Two of Turkey’s three drilling vessels are preparing to collaborate in the Black Sea, a report said Friday, as Fatih will be opening the designated wells, while Kanuni will be doing well tests and provide data necessary to develop the field.
Following the discovery of the natural gas at the Tuna-1 location in the Sakarya gas field, located about 100 nautical miles north of the Turkish coast, Fatih will kickstart new exploration activities in Türkali-1 borehole in the same site as of next month, Anadolu Agency (AA) reported.
The vessel is currently anchored off the coastal town of Filyos for maintenance and technical works.

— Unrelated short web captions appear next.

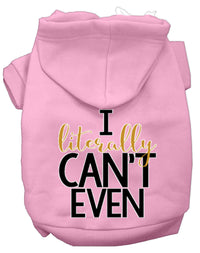 Pet Hoodie "I Literally Can't Even"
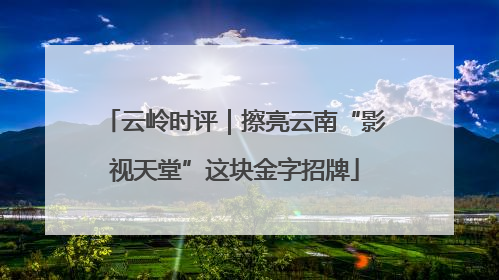 云岭时评｜擦亮云南“影视天堂”这块金字招牌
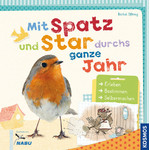 Kosmos Verlag Mit Spatz und Star durchs ganze Jahr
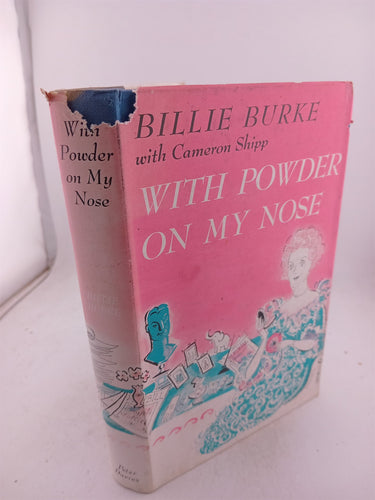 With Powder on My Nose by Billie Burke,Cameron Shipp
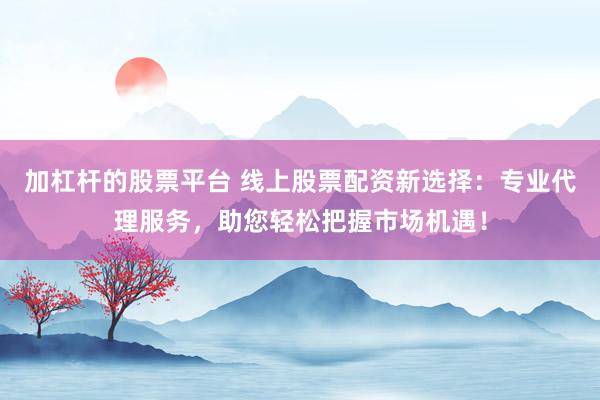 加杠杆的股票平台 线上股票配资新选择：专业代理服务，助您轻松把握市场机遇！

The country's third drillship, Kanuni, arrived off Istanbul Monday and is anchored at the Haydarpaşa Port on the city’s Asian side where it is projected to stay for two to three weeks.

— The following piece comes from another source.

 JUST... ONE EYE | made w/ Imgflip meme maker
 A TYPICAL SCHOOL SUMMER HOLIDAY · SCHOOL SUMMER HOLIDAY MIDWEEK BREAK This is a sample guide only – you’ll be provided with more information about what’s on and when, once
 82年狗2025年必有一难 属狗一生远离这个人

It will set sail for the Black Sea after the tower disassembly works are completed for the vessel to pass under the three Bosporus bridges.
The Türkali-1 borehole and the tests to be done there are expected to provide additional information about the existing reserves and production potential.
The work on the borehole is also said to allow for a better understanding of the gas potential of the field. Fatih’s drilling of the first designated well is also expected to play an important role in clarifying the technical characteristics of the site.
A total of 40 production wells will be drilled within the scope of Turkey’s Black Sea activities.
According to AA, a nearly 33,000-kilometer (20,505-mile) wide area, namely 18% of Turkey’s Exclusive Economic Zone (EEZ) of 180,000 kilometers, has been scanned via 3D seismic studies so far.
The report said seismic studies have been completed in an area of 2,200 kilometers in the Sakarya gas field, which size is said to be 10,700 kilometers. Natural gas was found in a 225-kilometer area of the field.
Seismic works in the remaining 8,500-kilometer area will begin next month. Related seismic data are said to be obtained in the first half of next year as a result of five-to-six-month-long works.
In light of the data, the country will decide on new exploratory drillings in the site.
Turkey last week raised the estimated reserves in the Sakarya gas field to 405 billion cubic meters (bcm) after finding an additional 85 bcm. President Recep Tayyip Erdoğan in August said the field contained 320 bcm of gas, making it the country's biggest natural gas discovery.
Even before Saturday's revision, analysts had said the find represents a major discovery and was one of the largest global discoveries in 2020.
Turkey expects the first gas flow from the field in 2023, with an envisaged annual gas flow of between 5 bcm-10 bcm. The field is expected to reach plateau production of around 15 bcm as of 2025.
Energy and Natural Resources Minister Fatih Dönmez, at an interview with broadcaster A Para on Thursday, said Turkey will operate the gas field on its own, but it may cooperate with foreign firms in terms of detailed work and equipment.
The gas find is expected to transform Turkey's dependence on Russia, Iran and Azerbaijan for energy imports.
Ankara expects gas suppliers to offer more competitive pricing and flexibility if they want to renew long-term contracts for 16 bcm per year.
More than a quarter of Turkey's long-term gas contracts expire next year, including imports via pipeline from Russia's Gazprom and Azerbaijan's SOCAR and a liquefied natural gas (LNG) deal with Nigeria.